The activists discussed the pressures of being young, black, and female at Harvard's Vision and Justice conference last week.
When she was just 11 years old, Naomi Wadler’s eloquent words at the March for Our Lives rally in 2018 had a profound impact on the way young black girls should be acknowledged in the United States. “I am here to acknowledge and represent the African American girls whose stories don’t make the front page of every national newspaper, whose stories don’t lead on the evening news,” Wadler said. “I represent the African American women who are victims of gun violence, who are simply statistics instead of vibrant, beautiful girls full of potential.”
Like Wadler, Blackish and Grown-ish actress Yara Shahidi also wants young people to realize that they have a voice. The Harvard sophomore founded Eighteen x 18, a voter registration initiative that aims to encourage younger voters to harness the power they have behind the voting booth.
Wadler, who is now 12, and 19-year-old Shahidi joined Harvard professor Robin Bernstein at the Vision & Justice conference last week at Harvard for a discussion titled “Race, Childhood, and Inequality in the Political Realm,” in which they talked about the pressures of being young, black, and female in the United States.
Both the Alexandria, Virginia-based Wadler and Cambridge-based Shahidi grew up in households that openly talked about race and current events. “I always had parents who had very open, honest conversations with me about race,” said Wadler. “And I knew that when all these tragedies happened, such as the riot in Charlottesville, I really wanted to do something about it.” Shahidi added, “I come from a family that has always had that conversation in the household, being half-black and half-Iranian, what I appreciate is that I have a very global perspective from a very young age, and the expectation that you understand and appreciate your cultural heritage as well as extend the same empathies and sympathies that we had for our own communities, to other communities.”
Then came the topic of adultification of black girls by American society, where they are perceived as being older than their actual age. “Studies show that black girls are seen as adults at age five,” said Wadler. “They’re disciplined more harshly, and they’re seen as less innocent. They’re expected to act as adults, even though they’re children. I don’t think that it’s really affected my platform, but I am aware of that is a very real thing. And I like to talk about it, and raise awareness about it, because it’s just not okay.”
Shahidi cited society’s tendency to adultify black youth when it’s convenient. One example is in Tamir Rice, the 12-year-old black child who was murdered by a white police officer for holding a toy gun in the air. “You see this with the killing of black boys and black girls, and when it turns to our ability to then stand up for ourselves, we’re not given the same rights,” said Shahidi
Shahidi recounted a time when a publication wanted to make her the voice of all minorities in a roundtable discussion on gender inclusion on television.

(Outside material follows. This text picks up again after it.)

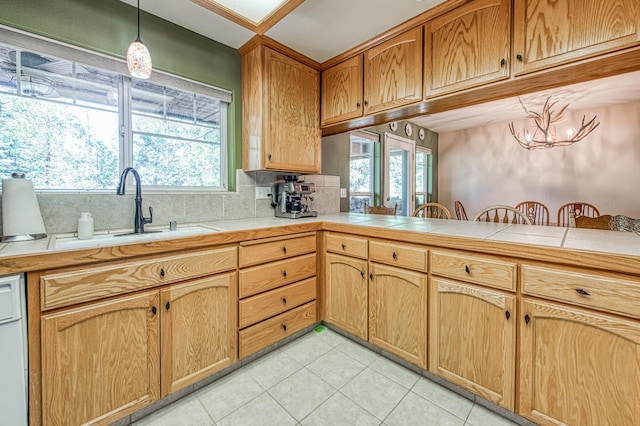 42052 Granite Ridge Rd, Shaver Lake, CA 93664 - kitchen with light tile patterned flooring, a chandelier, pendant lighting, backsplash, and dishwasher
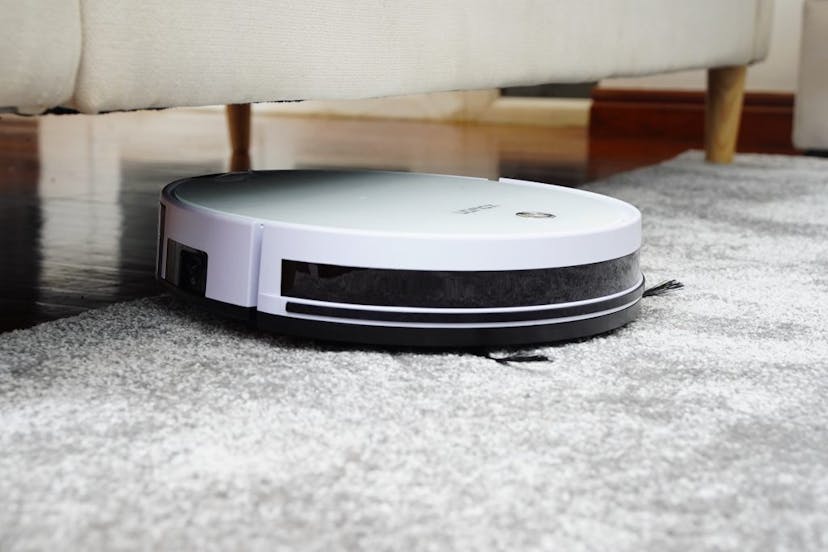 Robot vacuum going under the couch from a plush rug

The actress, activist, and student politely declined after seeing that the other actresses resembled one another because she thought “it would be reductive if I was the face of every other identity you could think of—me being the face of Gen Z, of the global conversation, and the black conversation, and the female conversation all in one.”
Shahidi also recalled how at 13, her favorite book was J.D. Salinger’s Catcher in the Rye—a choice that she now looks back on with dismay. “It really struck me and just my familiarity with mainstream culture in which there’s been no familiarness with myself,” she said, citing the lack of narratives featuring characters of her own likeness, and white males having the privilege to just be. “The fact that I can watch you do nothing but just exist,” she said. “And so many times [for people of color] narratives, and we’ve talked about the confines of being an artist of color, but so many times it has to be about something.”
When Bernstein asked Wadler how the voices of black girls could be amplified, Wadler responded, “People could recognize their struggles. A big part of the problem is that you have a lot of older white people saying that they understand and they don’t understand and they need to take the time to learn and acknowledge they will never fully understand, but that they can try and help. Even without the full knowledge, they can listen, and they can hear. And they can recognize that they could be better.”